Metadata-Version: 2.1
Name: ner-anonymizer
Version: 0.1.2
Summary: Anonymizes pandas dataset and provides a hash dictionary to de-anonymize
Home-page: UNKNOWN
Author: Kelvin Tay
Author-email: btkelvin@gmail.com
License: MIT license
Platform: UNKNOWN
Requires-Python: >=3.6.0
Description-Content-Type: text/markdown
Requires-Dist: transformers (>=3.0.0)
Requires-Dist: torch (>=1.5.0)
Requires-Dist: torchvision (>=0.6.0)
Requires-Dist: pandas (>=1.0.0)

# NER Anonymizer
This package contains some developmental tools to anonymize a pandas dataframe.

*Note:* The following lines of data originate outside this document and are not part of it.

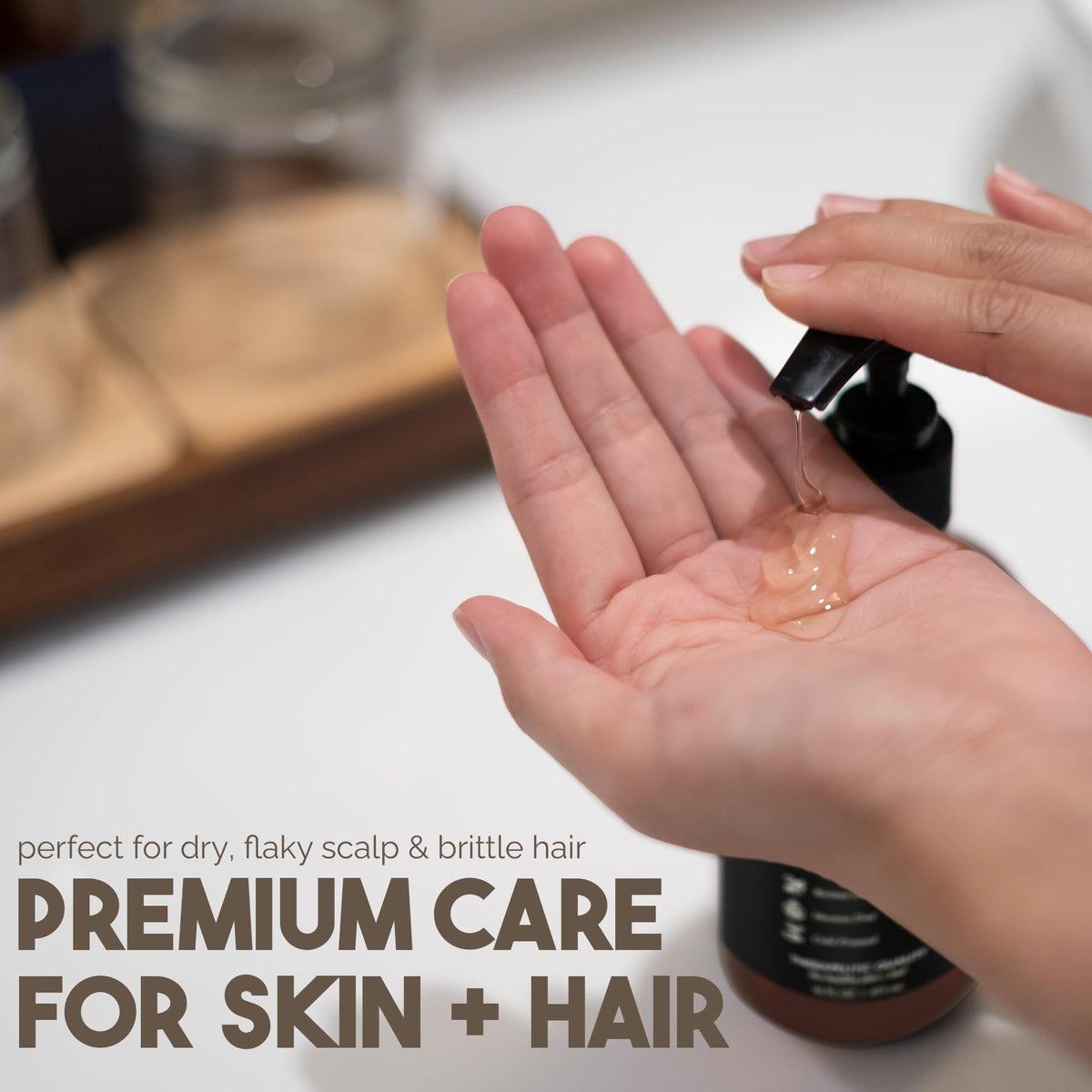 BALM OF GILEAD oil pour and thick texture closeup showing emollient richness benefit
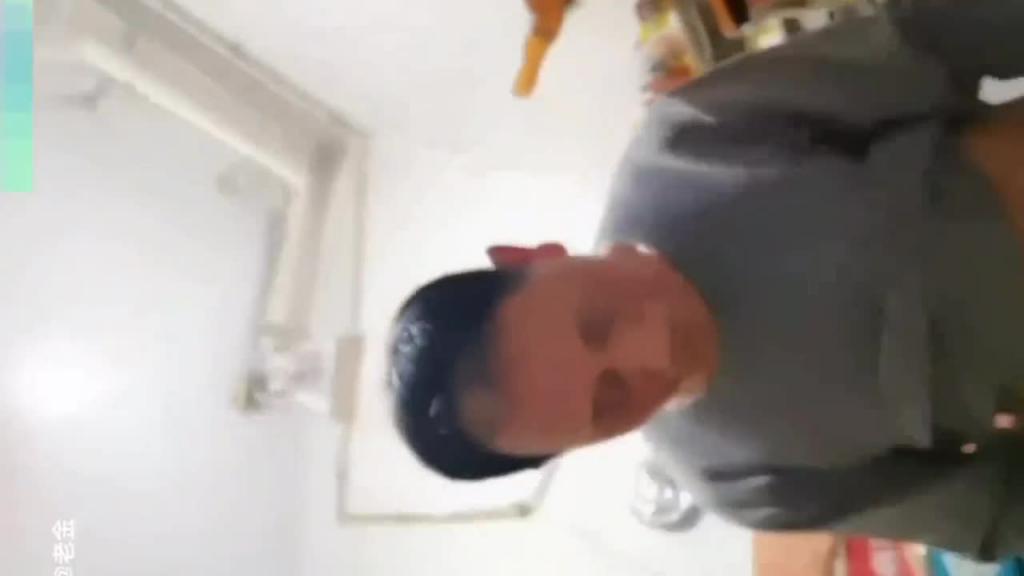 【稀有】爷爷奶奶做爱让孙子看,大妈无毛馒头逼,孙子要操奶奶!! 预览截图 1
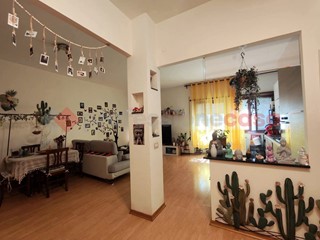 Bilocale in Vendita a Roma, 265'000&euro;, 60 m²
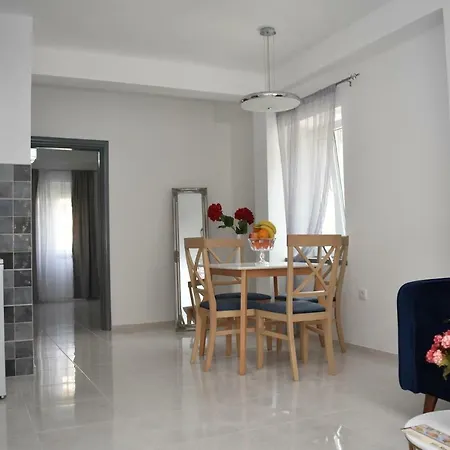 Art Apartments-3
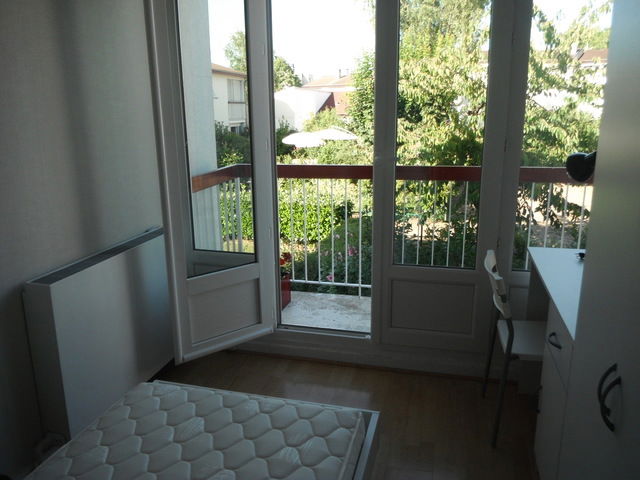 Homestay Cergy 53985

NER Anonymizer contains a class `DataAnonymizer` which handles anonymization for both free text and categorical columns in a pandas dataframe:
* For free text columns, it uses a pretrained model from the [transformers](https://huggingface.co/transformers/) package to perform named entity recognition (NER) to pick up user specified entities such as location and person, generate a MD5 hash for the entity, replaces the entity with the hash, and stores the hash to entity in a dictionary
* For categorical columns, it simply generates a MD5 hash for every category, replaces the category with the hash, and stores the hash to category in a dictionary

The saved dictionary can then be used for de-anonymization and the original dataset is obtained. Referential integrity is preserved as the same hash will be generated for the same category / entity.

## Installation
Install the package with pip

    pip install ner-anonymizer

## Example Usage
The package uses the NER model [dslim/bert-base-NER](https://huggingface.co/dslim/bert-base-NER) by default. To anonymize a particular pandas dataframe, `df`, using a pretrained NER model:

    import ner_anonymizer

    # to anonymize
    anonymizer = ner_anonymizer.DataAnoynmizer(df)
    anonymized_df, hash_dictionary = anonymizer.anonymize(
        free_text_columns=["free_text_column_1", "free_text_column_2"],
        categorical_columns=["categorical_column_1"],
        pretrained_model_name="dslim/bert-base-NER",
        label_list=["O", "B-MISC", "I-MISC", "B-PER", "I-PER", "B-ORG", "I-ORG", "B-LOC", "I-LOC"], # list of labels used in the specified pretrained NER model
        labels_to_anonymize=["B-PER", "I-PER", "B-LOC", "I-LOC"] # list of labels to anonymize
    )

    # to de-anonymize
    de_anonymized_df = ner_anonymizer.de_anonymize_data(df, hash_dictionary)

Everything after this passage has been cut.